Para que se tenha uma idéia, dizia o Ministro Almir Pazzianotto que ao Tribunal Superior do Trabalho chegam apenas 6% das ações trabalhistas que ingressam nos tribunais regionais no País inteiro. Apenas 6%. E quando ele lá chegou, já se encontravam 130 mil ações trabalhistas. Dá para imaginar, portanto, o número de demandas judiciais que ocorrem em todo o País, emperrando a Justiça do Trabalho e, dessa forma, comprometendo também os níveis de emprego no País.

Pode ser arriscado falar, mas é bom enfrentar esse problema. Talvez pareça retrógrado, mas creio que não. E vou correr esse risco aqui, olhando para a Líder do Bloco de Oposição, a Senadora Heloisa Helena. Penso que é hora de nós pensarmos uma legislação trabalhista que possa se adaptar aos novos tempos. Acredito até que a legislação trabalhista, que é originária dos tempos do Presidente Getúlio Vargas e que sofreu uma série de modificações, não se adaptou aos últimos acontecimentos mundiais, principalmente a globalização. E nós não fizemos no Brasil aquilo que alguns países mais avançados acabaram por realizar, uma atualização da legislação trabalhista, principalmente porque o mundo se modernizou em tantas outras áreas. Mas nós não podemos ignorar que não houve avanços no sentido de atualizar a legislação trabalhista.

Eu creio que vou correr o risco de dizer que a legislação trabalhista, como se coloca, é desestimuladora do emprego; ela compete negativamente com a geração de empregos e novos postos de trabalho.
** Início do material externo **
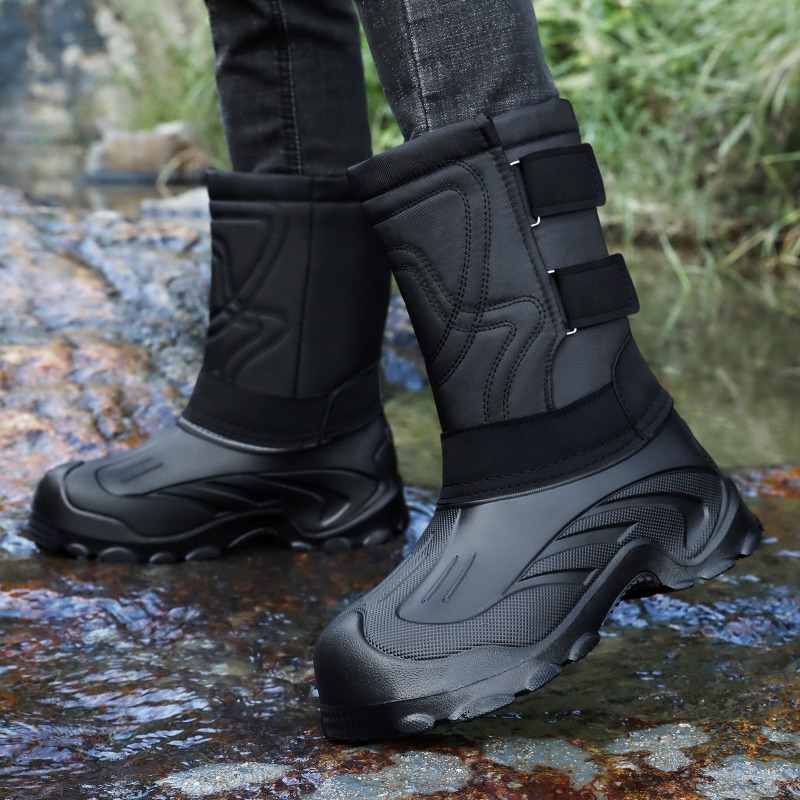 겨울 남성 부츠 패션 중간 길이 면화 신발 야외 방수  - Waterproof Winter Boot 리뷰 및 가격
E digo isso olhando para um número que me parece bastante indicador dessa afirmação: de agosto de 1999 até agosto de 2000, foram criados no Brasil 936 mil postos de trabalho. Sessenta e sete por cento desses novos postos de trabalho estão no mercado informal, ou seja, sem registro em carteira. E aí eu levanto a questão: a legislação trabalhista estimula a criação do trabalho informal e, portanto, desestimula o registro em carteira, que dá direitos sociais ao cidadão, como por exemplo o fundo de garantia, contagem de tempo para aposentadoria, convênios médicos, enfim, todos os direitos sociais garantidos quando o trabalhador tem o registro em carteira. Se é verdade que a legislação desestimula o registro em carteira e estimula o trabalho informal, parece ser verdade também que a legislação trabalhista não estimula o avanço no que se refere às conquistas dos direitos sociais pelos trabalhadores, porque de nada adianta estar na Constituição se há formas de driblar esses direitos constitucionais por meio do emprego informal.
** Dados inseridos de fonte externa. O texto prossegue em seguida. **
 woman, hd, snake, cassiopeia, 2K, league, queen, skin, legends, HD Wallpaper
No meu segmento de atividade, no meio rural, acredito até que a legislação trabalhista tem sido a maior causadora da formação de um contingente enorme de trabalhadores volantes chamados bóias-frias. Deus me livre!, aquilo não é vida: submeter o cidadão a uma vida em que o trabalho é apenas eventual, em que comer é apenas uma expectativa, e colocar o filho na escola é apenas uma esperança; submeter o cidadão a morar de forma desumana na periferia dos grandes centros; fazê-lo viajar muitas vezes 30 ou 40 quilômetros de caminhão em busca de um trabalho pesado durante o dia todo, numa tarefa dura, e depois voltar para casa no mesmo caminhão e não ter, com esse trabalho, garantido os encargos sociais, como o Fundo de Garantia e o tempo para aposentadoria. No meio rural, dificilmente o trabalhador volante é registrado, mesmo quando trabalha durante alguns meses. O trabalho informal é o maior inimigo do cidadão, que não usufrui dos direitos garantidos pela Constituição.

Não podemos ter uma legislação igual para o trabalho urbano e para o trabalho rural. Para nós, o grande desafio é separá-la. Há peculiaridades no campo que diferenciam muito a atividade de um trabalhador rural da de um trabalhador urbano. Não dá para comparar, por exemplo, o trabalhador de uma propriedade rural, que tenha como atividade principal a exploração leiteira, com o trabalhador de uma fábrica, que tenha como atividade principal a montagem de peças de automóvel. É evidente que o horário de quem trabalha em uma granja leiteira é completamente diferente do horário de quem trabalha em uma linha de montagem. Também não dá para comparar o trabalhador de uma granja de suínos com o trabalhador de uma farmácia. As características do trabalho rural devem ensejar a criação de uma legislação trabalhista específica. Não dá para comparar. As diferenças não estão apenas na jornada de trabalho, no expediente, no horário ou no turno; também há outras características que definem o trabalho rural e o tornam bastante diferente do trabalho urbano.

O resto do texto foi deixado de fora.